BEGIN
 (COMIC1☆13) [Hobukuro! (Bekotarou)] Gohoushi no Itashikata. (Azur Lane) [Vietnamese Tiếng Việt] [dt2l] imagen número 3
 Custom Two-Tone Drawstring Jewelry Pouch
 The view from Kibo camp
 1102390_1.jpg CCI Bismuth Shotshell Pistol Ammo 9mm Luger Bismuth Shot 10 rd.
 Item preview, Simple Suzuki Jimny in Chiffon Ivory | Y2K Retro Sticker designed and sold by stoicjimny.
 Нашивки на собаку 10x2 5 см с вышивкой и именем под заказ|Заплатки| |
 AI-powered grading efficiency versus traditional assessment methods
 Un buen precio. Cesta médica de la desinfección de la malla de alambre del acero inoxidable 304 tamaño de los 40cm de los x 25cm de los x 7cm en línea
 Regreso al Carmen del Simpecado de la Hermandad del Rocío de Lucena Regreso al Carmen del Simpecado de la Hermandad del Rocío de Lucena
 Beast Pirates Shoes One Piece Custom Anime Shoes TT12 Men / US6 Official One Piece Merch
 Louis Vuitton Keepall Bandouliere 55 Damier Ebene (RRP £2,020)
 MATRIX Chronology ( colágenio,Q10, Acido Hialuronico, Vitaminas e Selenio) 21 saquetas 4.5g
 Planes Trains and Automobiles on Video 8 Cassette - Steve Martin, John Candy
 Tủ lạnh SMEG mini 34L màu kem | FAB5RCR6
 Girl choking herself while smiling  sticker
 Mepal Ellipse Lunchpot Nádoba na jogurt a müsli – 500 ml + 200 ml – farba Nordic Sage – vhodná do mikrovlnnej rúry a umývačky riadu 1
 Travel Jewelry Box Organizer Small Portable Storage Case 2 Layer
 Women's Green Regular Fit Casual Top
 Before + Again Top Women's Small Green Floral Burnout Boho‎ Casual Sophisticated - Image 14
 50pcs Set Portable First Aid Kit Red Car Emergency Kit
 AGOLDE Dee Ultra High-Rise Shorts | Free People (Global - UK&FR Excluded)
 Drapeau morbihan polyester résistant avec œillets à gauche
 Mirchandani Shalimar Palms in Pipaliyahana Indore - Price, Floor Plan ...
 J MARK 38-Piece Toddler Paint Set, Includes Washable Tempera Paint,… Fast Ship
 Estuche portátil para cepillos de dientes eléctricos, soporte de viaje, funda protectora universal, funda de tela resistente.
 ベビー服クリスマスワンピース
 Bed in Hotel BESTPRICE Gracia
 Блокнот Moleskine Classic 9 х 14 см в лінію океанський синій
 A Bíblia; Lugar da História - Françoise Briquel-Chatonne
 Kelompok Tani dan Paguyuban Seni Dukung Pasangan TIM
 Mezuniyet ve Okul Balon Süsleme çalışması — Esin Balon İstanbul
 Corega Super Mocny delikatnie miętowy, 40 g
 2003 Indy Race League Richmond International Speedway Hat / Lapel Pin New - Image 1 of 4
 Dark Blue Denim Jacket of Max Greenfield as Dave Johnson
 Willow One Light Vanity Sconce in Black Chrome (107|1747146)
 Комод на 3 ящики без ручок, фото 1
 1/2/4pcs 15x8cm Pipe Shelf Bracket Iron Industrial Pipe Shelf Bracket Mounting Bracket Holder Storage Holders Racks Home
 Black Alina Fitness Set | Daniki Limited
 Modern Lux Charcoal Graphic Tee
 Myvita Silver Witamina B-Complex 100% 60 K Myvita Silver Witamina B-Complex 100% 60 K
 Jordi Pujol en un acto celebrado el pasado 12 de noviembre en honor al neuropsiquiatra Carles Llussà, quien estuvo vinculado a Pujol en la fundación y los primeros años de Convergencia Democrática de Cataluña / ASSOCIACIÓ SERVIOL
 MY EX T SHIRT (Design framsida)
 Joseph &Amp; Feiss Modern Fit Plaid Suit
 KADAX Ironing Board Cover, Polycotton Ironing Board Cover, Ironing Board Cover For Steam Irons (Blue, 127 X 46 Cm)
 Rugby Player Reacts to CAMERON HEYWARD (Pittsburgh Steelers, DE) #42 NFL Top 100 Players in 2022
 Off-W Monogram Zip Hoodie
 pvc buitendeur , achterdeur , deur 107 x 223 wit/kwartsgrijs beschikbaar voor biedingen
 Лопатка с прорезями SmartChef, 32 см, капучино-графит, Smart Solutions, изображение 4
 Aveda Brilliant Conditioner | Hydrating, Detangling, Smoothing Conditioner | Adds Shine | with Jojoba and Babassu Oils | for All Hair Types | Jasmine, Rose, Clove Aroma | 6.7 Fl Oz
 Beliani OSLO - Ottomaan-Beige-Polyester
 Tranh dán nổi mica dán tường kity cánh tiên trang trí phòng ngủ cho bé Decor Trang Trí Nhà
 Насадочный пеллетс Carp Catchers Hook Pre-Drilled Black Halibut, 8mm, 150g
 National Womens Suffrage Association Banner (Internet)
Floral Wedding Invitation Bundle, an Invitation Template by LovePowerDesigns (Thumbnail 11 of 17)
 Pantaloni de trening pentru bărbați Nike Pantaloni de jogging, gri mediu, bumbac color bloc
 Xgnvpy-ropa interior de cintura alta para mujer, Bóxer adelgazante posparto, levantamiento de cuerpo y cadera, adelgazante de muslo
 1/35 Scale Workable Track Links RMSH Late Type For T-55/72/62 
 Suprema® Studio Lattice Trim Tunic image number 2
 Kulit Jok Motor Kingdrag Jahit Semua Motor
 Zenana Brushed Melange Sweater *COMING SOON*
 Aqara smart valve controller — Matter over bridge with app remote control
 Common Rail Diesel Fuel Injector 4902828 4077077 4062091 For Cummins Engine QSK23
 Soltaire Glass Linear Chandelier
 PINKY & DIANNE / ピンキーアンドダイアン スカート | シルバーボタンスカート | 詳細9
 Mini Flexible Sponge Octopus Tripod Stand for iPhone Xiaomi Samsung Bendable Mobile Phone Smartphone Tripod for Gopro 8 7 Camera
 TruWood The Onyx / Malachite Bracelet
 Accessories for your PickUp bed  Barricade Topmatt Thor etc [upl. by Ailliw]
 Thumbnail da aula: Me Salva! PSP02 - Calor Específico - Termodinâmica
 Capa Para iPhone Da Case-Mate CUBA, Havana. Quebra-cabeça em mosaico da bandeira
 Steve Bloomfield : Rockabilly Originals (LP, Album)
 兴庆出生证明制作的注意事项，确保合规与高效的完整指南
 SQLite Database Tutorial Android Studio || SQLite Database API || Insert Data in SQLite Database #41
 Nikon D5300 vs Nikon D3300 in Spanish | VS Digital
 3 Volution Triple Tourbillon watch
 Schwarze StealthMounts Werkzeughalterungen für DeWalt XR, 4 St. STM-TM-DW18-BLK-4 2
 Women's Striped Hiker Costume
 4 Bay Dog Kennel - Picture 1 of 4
END
WHAT YOU NEED TO DO: What's required is that all of the material be returned exactly.

PROBLEM SOLUTION:
 (COMIC1☆13) [Hobukuro! (Bekotarou)] Gohoushi no Itashikata. (Azur Lane) [Vietnamese Tiếng Việt] [dt2l] imagen número 3
 Custom Two-Tone Drawstring Jewelry Pouch
 The view from Kibo camp
 1102390_1.jpg CCI Bismuth Shotshell Pistol Ammo 9mm Luger Bismuth Shot 10 rd.
 Item preview, Simple Suzuki Jimny in Chiffon Ivory | Y2K Retro Sticker designed and sold by stoicjimny.
 Нашивки на собаку 10x2 5 см с вышивкой и именем под заказ|Заплатки| |
 AI-powered grading efficiency versus traditional assessment methods
 Un buen precio. Cesta médica de la desinfección de la malla de alambre del acero inoxidable 304 tamaño de los 40cm de los x 25cm de los x 7cm en línea
 Regreso al Carmen del Simpecado de la Hermandad del Rocío de Lucena Regreso al Carmen del Simpecado de la Hermandad del Rocío de Lucena
 Beast Pirates Shoes One Piece Custom Anime Shoes TT12 Men / US6 Official One Piece Merch
 Louis Vuitton Keepall Bandouliere 55 Damier Ebene (RRP £2,020)
 MATRIX Chronology ( colágenio,Q10, Acido Hialuronico, Vitaminas e Selenio) 21 saquetas 4.5g
 Planes Trains and Automobiles on Video 8 Cassette - Steve Martin, John Candy
 Tủ lạnh SMEG mini 34L màu kem | FAB5RCR6
 Girl choking herself while smiling  sticker
 Mepal Ellipse Lunchpot Nádoba na jogurt a müsli – 500 ml + 200 ml – farba Nordic Sage – vhodná do mikrovlnnej rúry a umývačky riadu 1
 Travel Jewelry Box Organizer Small Portable Storage Case 2 Layer
 Women's Green Regular Fit Casual Top
 Before + Again Top Women's Small Green Floral Burnout Boho‎ Casual Sophisticated - Image 14
 50pcs Set Portable First Aid Kit Red Car Emergency Kit
 AGOLDE Dee Ultra High-Rise Shorts | Free People (Global - UK&FR Excluded)
 Drapeau morbihan polyester résistant avec œillets à gauche
 Mirchandani Shalimar Palms in Pipaliyahana Indore - Price, Floor Plan ...
 J MARK 38-Piece Toddler Paint Set, Includes Washable Tempera Paint,… Fast Ship
 Estuche portátil para cepillos de dientes eléctricos, soporte de viaje, funda protectora universal, funda de tela resistente.
 ベビー服クリスマスワンピース
 Bed in Hotel BESTPRICE Gracia
 Блокнот Moleskine Classic 9 х 14 см в лінію океанський синій
 A Bíblia; Lugar da História - Françoise Briquel-Chatonne
 Kelompok Tani dan Paguyuban Seni Dukung Pasangan TIM
 Mezuniyet ve Okul Balon Süsleme çalışması — Esin Balon İstanbul
 Corega Super Mocny delikatnie miętowy, 40 g
 2003 Indy Race League Richmond International Speedway Hat / Lapel Pin New - Image 1 of 4
 Dark Blue Denim Jacket of Max Greenfield as Dave Johnson
 Willow One Light Vanity Sconce in Black Chrome (107|1747146)
 Комод на 3 ящики без ручок, фото 1
 1/2/4pcs 15x8cm Pipe Shelf Bracket Iron Industrial Pipe Shelf Bracket Mounting Bracket Holder Storage Holders Racks Home
 Black Alina Fitness Set | Daniki Limited
 Modern Lux Charcoal Graphic Tee
 Myvita Silver Witamina B-Complex 100% 60 K Myvita Silver Witamina B-Complex 100% 60 K
 Jordi Pujol en un acto celebrado el pasado 12 de noviembre en honor al neuropsiquiatra Carles Llussà, quien estuvo vinculado a Pujol en la fundación y los primeros años de Convergencia Democrática de Cataluña / ASSOCIACIÓ SERVIOL
 MY EX T SHIRT (Design framsida)
 Joseph &Amp; Feiss Modern Fit Plaid Suit
 KADAX Ironing Board Cover, Polycotton Ironing Board Cover, Ironing Board Cover For Steam Irons (Blue, 127 X 46 Cm)
 Rugby Player Reacts to CAMERON HEYWARD (Pittsburgh Steelers, DE) #42 NFL Top 100 Players in 2022
 Off-W Monogram Zip Hoodie
 pvc buitendeur , achterdeur , deur 107 x 223 wit/kwartsgrijs beschikbaar voor biedingen
 Лопатка с прорезями SmartChef, 32 см, капучино-графит, Smart Solutions, изображение 4
 Aveda Brilliant Conditioner | Hydrating, Detangling, Smoothing Conditioner | Adds Shine | with Jojoba and Babassu Oils | for All Hair Types | Jasmine, Rose, Clove Aroma | 6.7 Fl Oz
 Beliani OSLO - Ottomaan-Beige-Polyester
 Tranh dán nổi mica dán tường kity cánh tiên trang trí phòng ngủ cho bé Decor Trang Trí Nhà
 Насадочный пеллетс Carp Catchers Hook Pre-Drilled Black Halibut, 8mm, 150g
 National Womens Suffrage Association Banner (Internet)
Floral Wedding Invitation Bundle, an Invitation Template by LovePowerDesigns (Thumbnail 11 of 17)
 Pantaloni de trening pentru bărbați Nike Pantaloni de jogging, gri mediu, bumbac color bloc
 Xgnvpy-ropa interior de cintura alta para mujer, Bóxer adelgazante posparto, levantamiento de cuerpo y cadera, adelgazante de muslo
 1/35 Scale Workable Track Links RMSH Late Type For T-55/72/62 
 Suprema® Studio Lattice Trim Tunic image number 2
 Kulit Jok Motor Kingdrag Jahit Semua Motor
 Zenana Brushed Melange Sweater *COMING SOON*
 Aqara smart valve controller — Matter over bridge with app remote control
 Common Rail Diesel Fuel Injector 4902828 4077077 4062091 For Cummins Engine QSK23
 Soltaire Glass Linear Chandelier
 PINKY & DIANNE / ピンキーアンドダイアン スカート | シルバーボタンスカート | 詳細9
 Mini Flexible Sponge Octopus Tripod Stand for iPhone Xiaomi Samsung Bendable Mobile Phone Smartphone Tripod for Gopro 8 7 Camera
 TruWood The Onyx / Malachite Bracelet
 Accessories for your PickUp bed  Barricade Topmatt Thor etc [upl. by Ailliw]
 Thumbnail da aula: Me Salva! PSP02 - Calor Específico - Termodinâmica
 Capa Para iPhone Da Case-Mate CUBA, Havana. Quebra-cabeça em mosaico da bandeira
 Steve Bloomfield : Rockabilly Originals (LP, Album)
 兴庆出生证明制作的注意事项，确保合规与高效的完整指南
 SQLite Database Tutorial Android Studio || SQLite Database API || Insert Data in SQLite Database #41
 Nikon D5300 vs Nikon D3300 in Spanish | VS Digital
 3 Volution Triple Tourbillon watch
 Schwarze StealthMounts Werkzeughalterungen für DeWalt XR, 4 St. STM-TM-DW18-BLK-4 2
 Women's Striped Hiker Costume
 4 Bay Dog Kennel - Picture 1 of 4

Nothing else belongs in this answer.